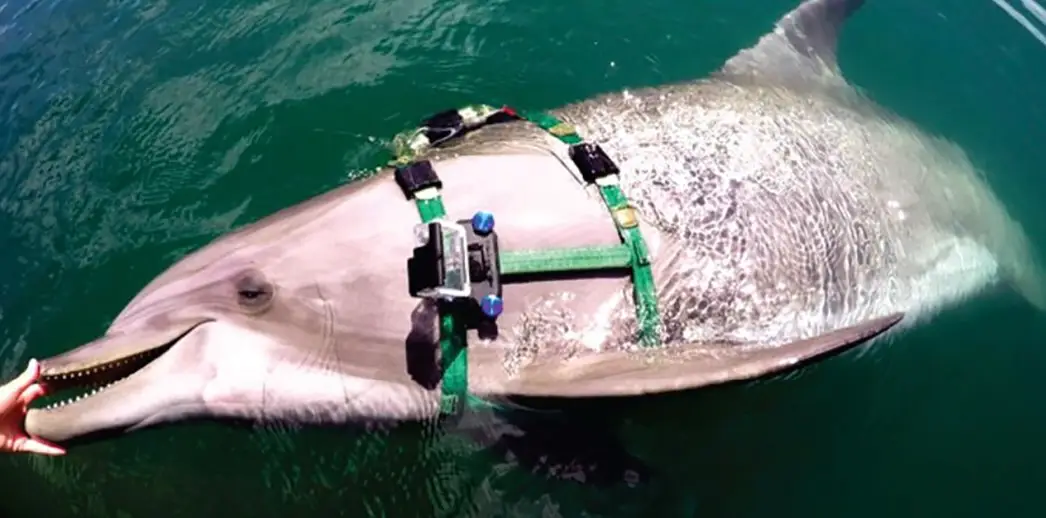 Scientists strapped GoPro's to the dolphins to see what they got up to (US Navy/National Marine Mammal Foundation)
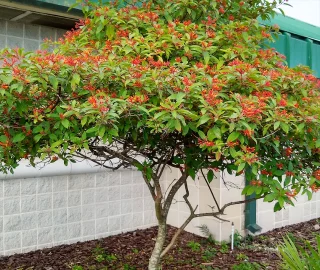 Hamellia Tree Canopy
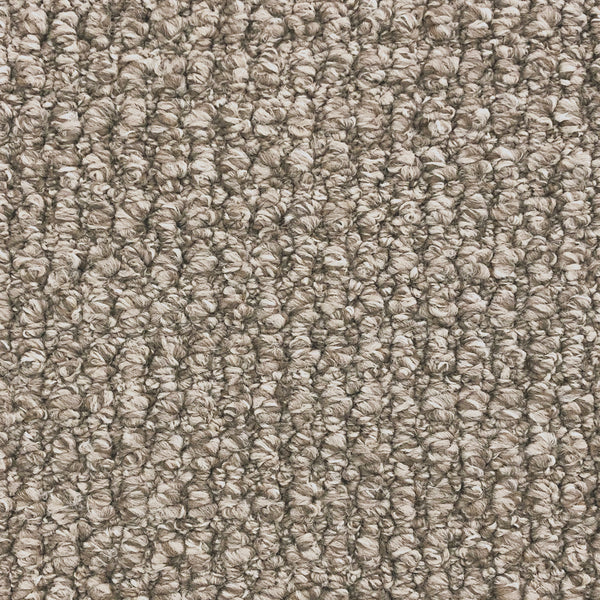 9mm Scroll Loop Pile Carpet - Ben Ghazi - Shore - Adore Rugs & Flooring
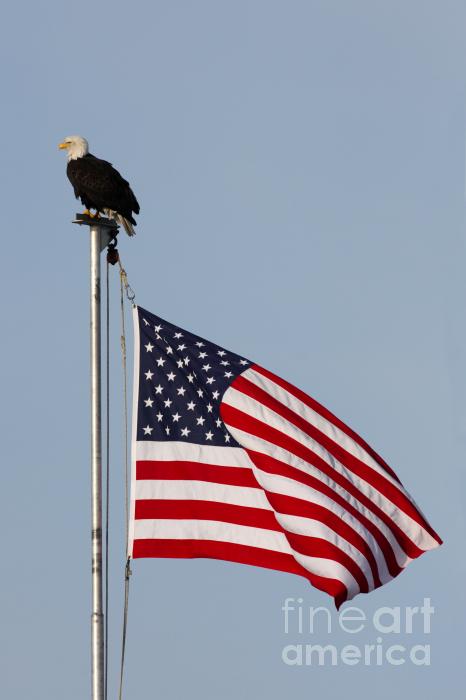 american flag eagle tattoo. american flag eagle tattoo.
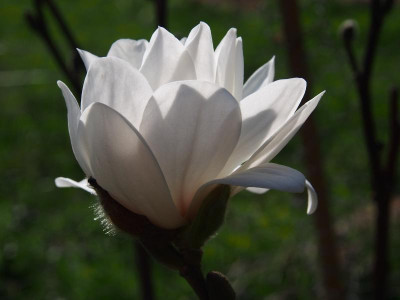 Magnolia x loebneri 'Mag's Pirouette' P3250058.JPG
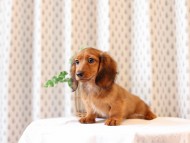 Miniature-Dachshund43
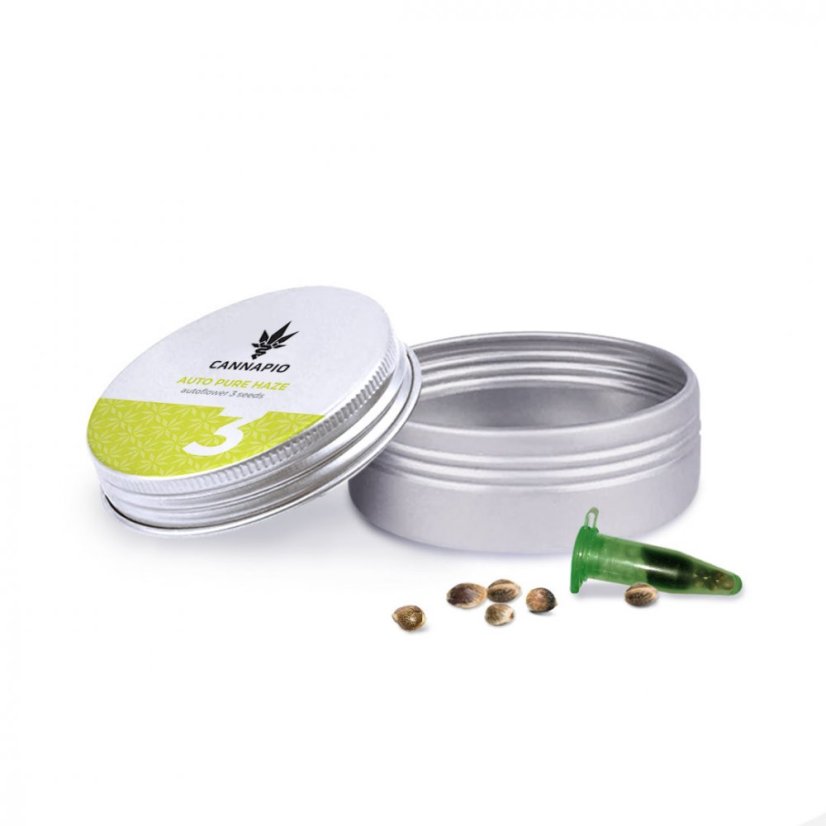 Auto Pure Haze - selbstblühende Samen 3 Stück Cannapio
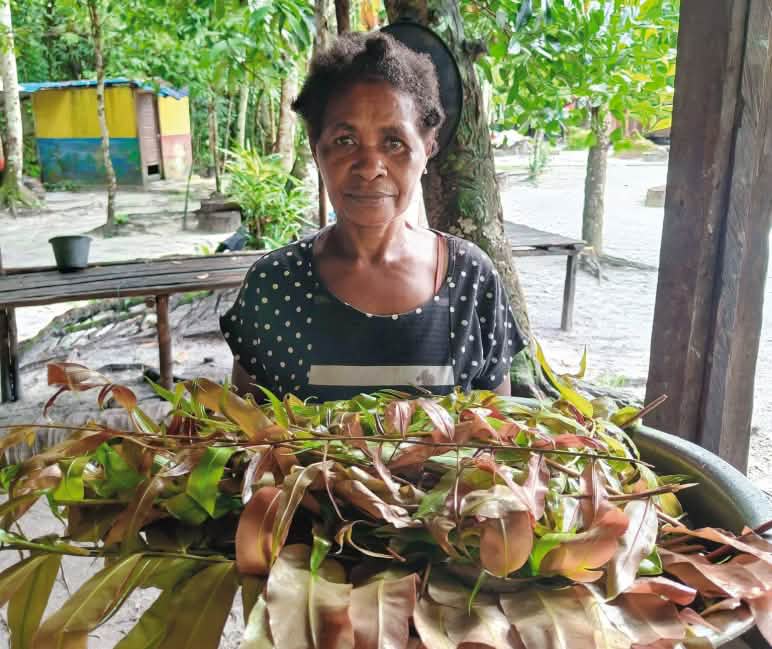 Frau mit Tablett voller Gemüseblätter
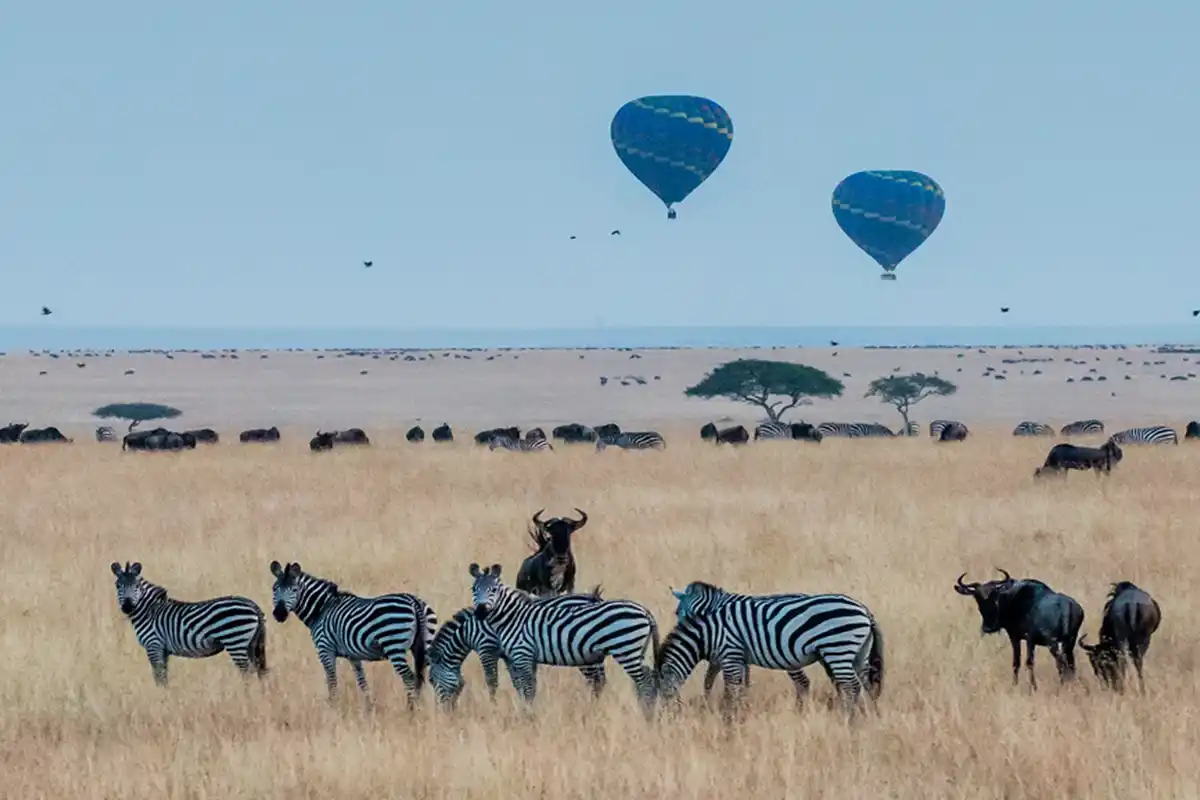 4 Days Serengeti Hot Air Balloon Safari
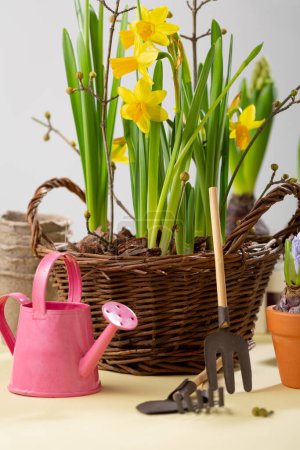 Téléchargez les photos : Concept de printemps outil de jardin et fleurs jonquille - en image libre de droit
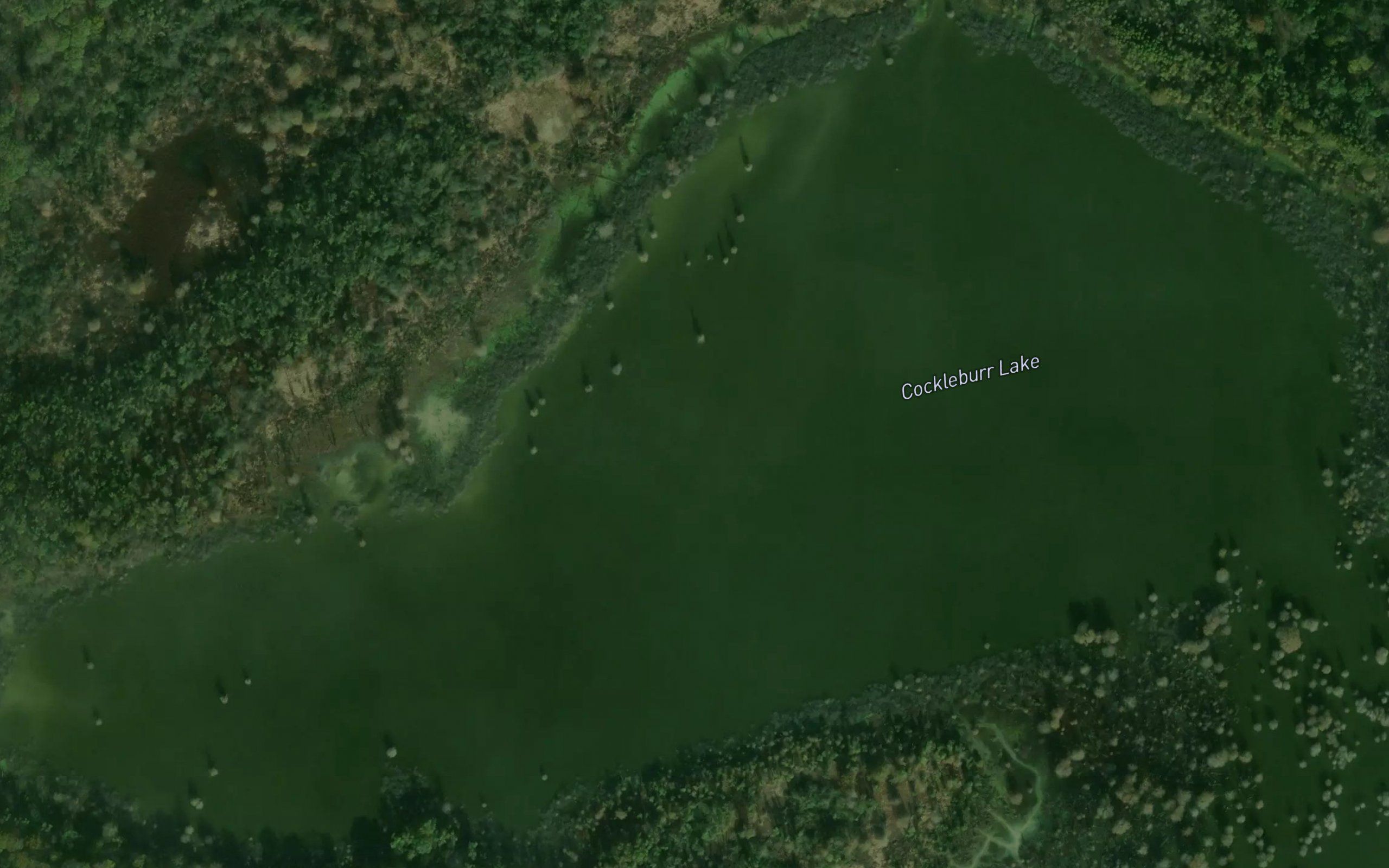 Cockleburr Lake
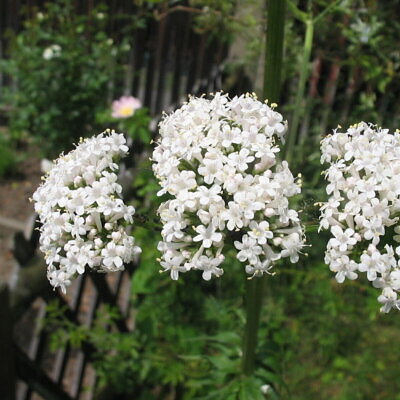 Valeriana officinalis - Saint jorge herb, valerian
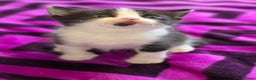 Domestic Shorthair cats for sale: 2 Black and White Males and 1 Black Female - Advert 11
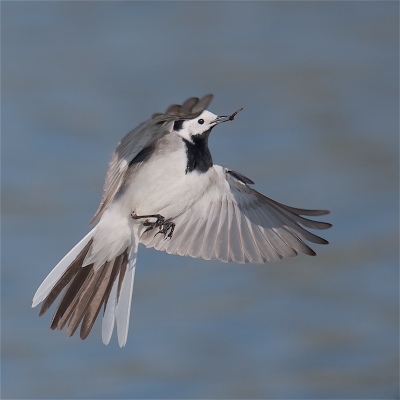 <i class='fa fa-user'></i>&nbsp;Harry Jamont&nbsp;|   Witte Kwikstaart&nbsp; <i class='fa fa-eye'>&nbsp;429</i> &nbsp;<i class='fa fa-thumbs-up'>&nbsp;6</i> &nbsp; <i class='fa fa-comment-o'>&nbsp;15</i>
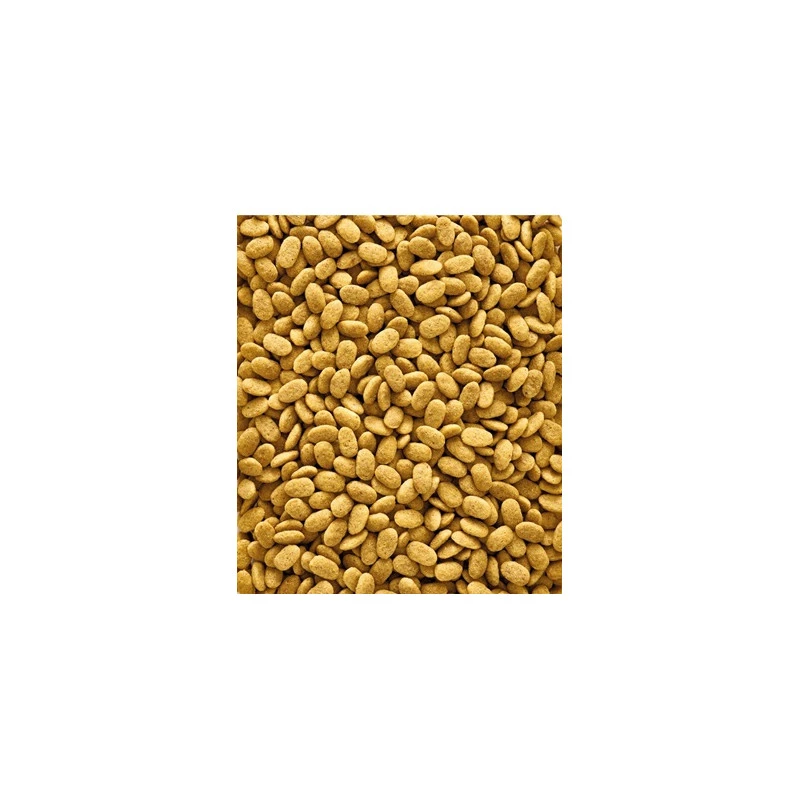 VERSELE-LAGA Nutribird Perroquets P15 Original 3 VERSELE-LAGA Nutribird Perroquets P15 Original – Image 3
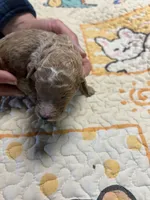 F1b 4 sold, a female Goldendoodle for sale in Ithaca, MI – Photo 3 of 3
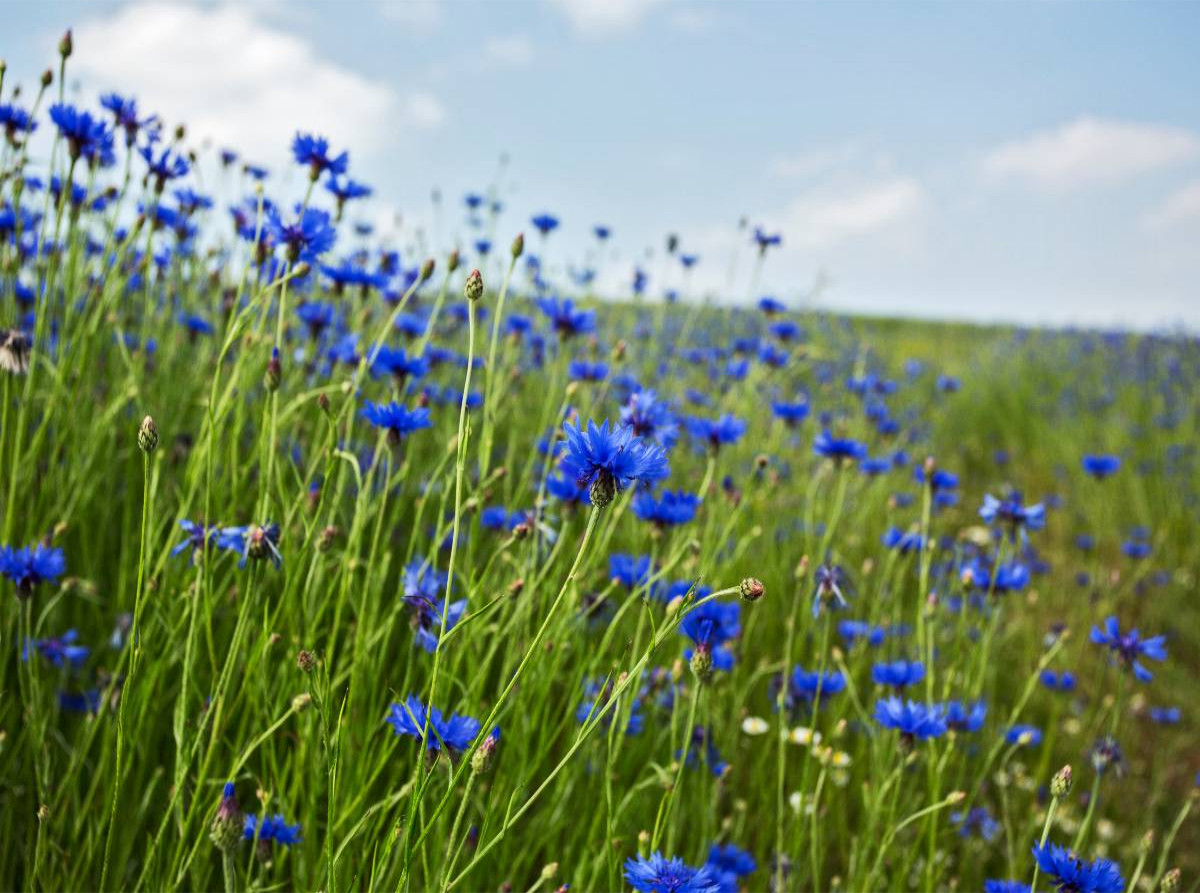 Kornblumen -  Faszination in Blau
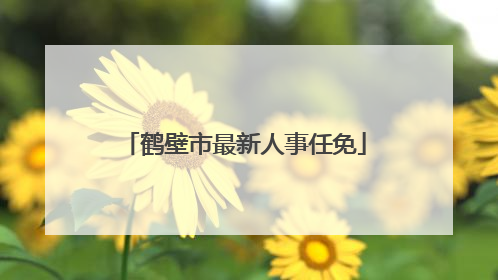 鹤壁市最新人事任免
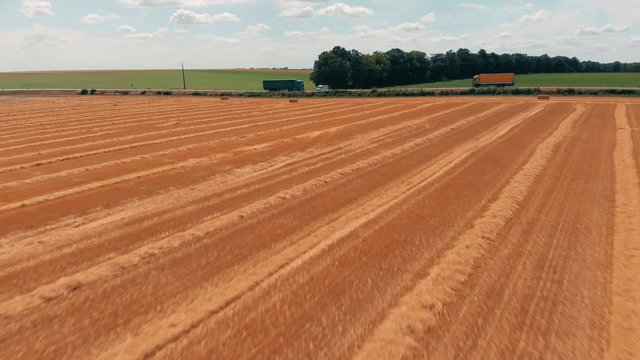 Aerial view of crop wheat or rye field with stook hay straw bales and road. Harvest agriculture farm rural aerial 4k video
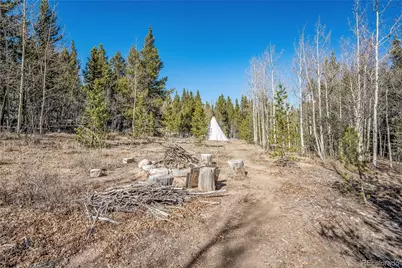 495 Edgewood Road, Alma, CO 80420 - Photo 33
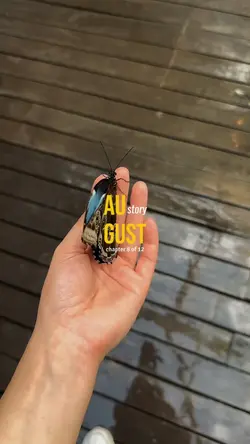 August story 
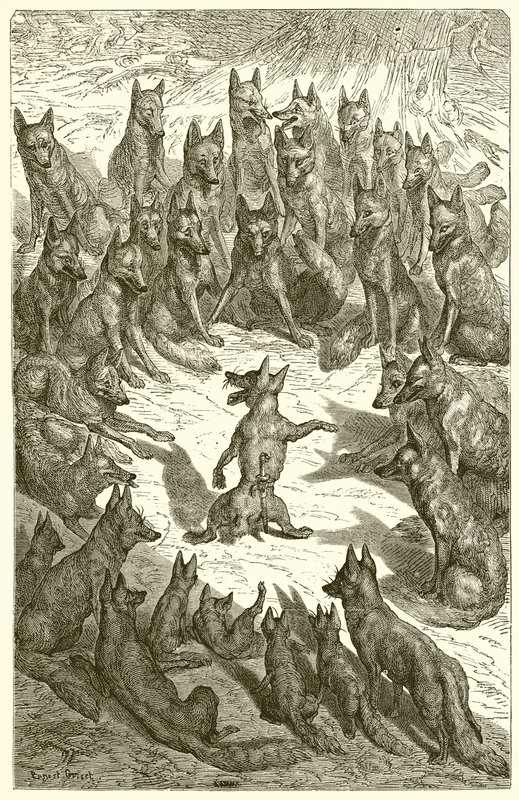 A raposa sem cauda de Ernest Henry Griset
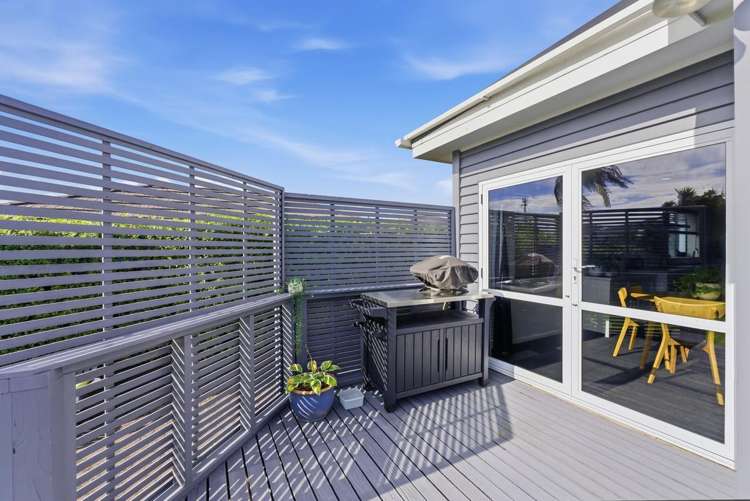 327 Carrington Street Vogeltown_10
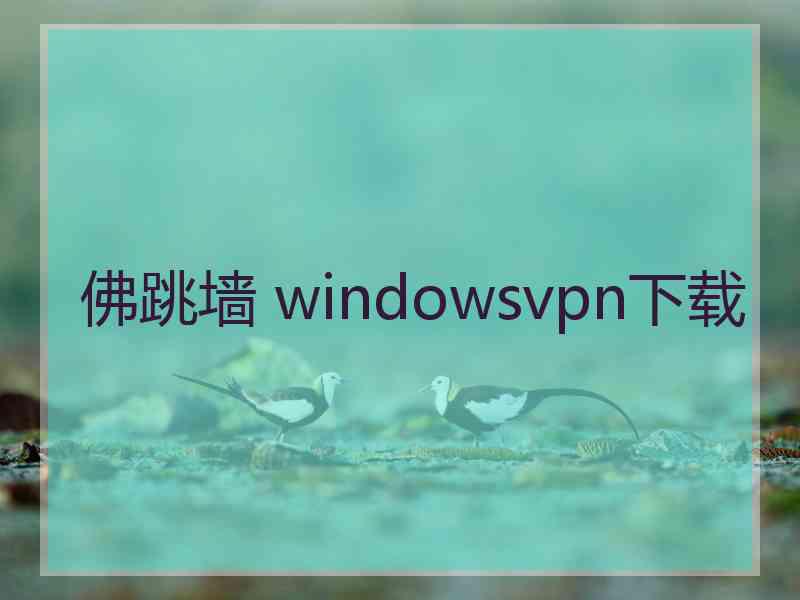 佛跳墙 windowsvpn下载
○ ○ ○
Exercise details: Write out each line exactly, from the one containing "495 Edgewood Road, Alma, CO 80420 - Photo 33" through the end of the entries, and skip the pictures.

Response area:
 495 Edgewood Road, Alma, CO 80420 - Photo 33
 August story 
 A raposa sem cauda de Ernest Henry Griset
 327 Carrington Street Vogeltown_10
 佛跳墙 windowsvpn下载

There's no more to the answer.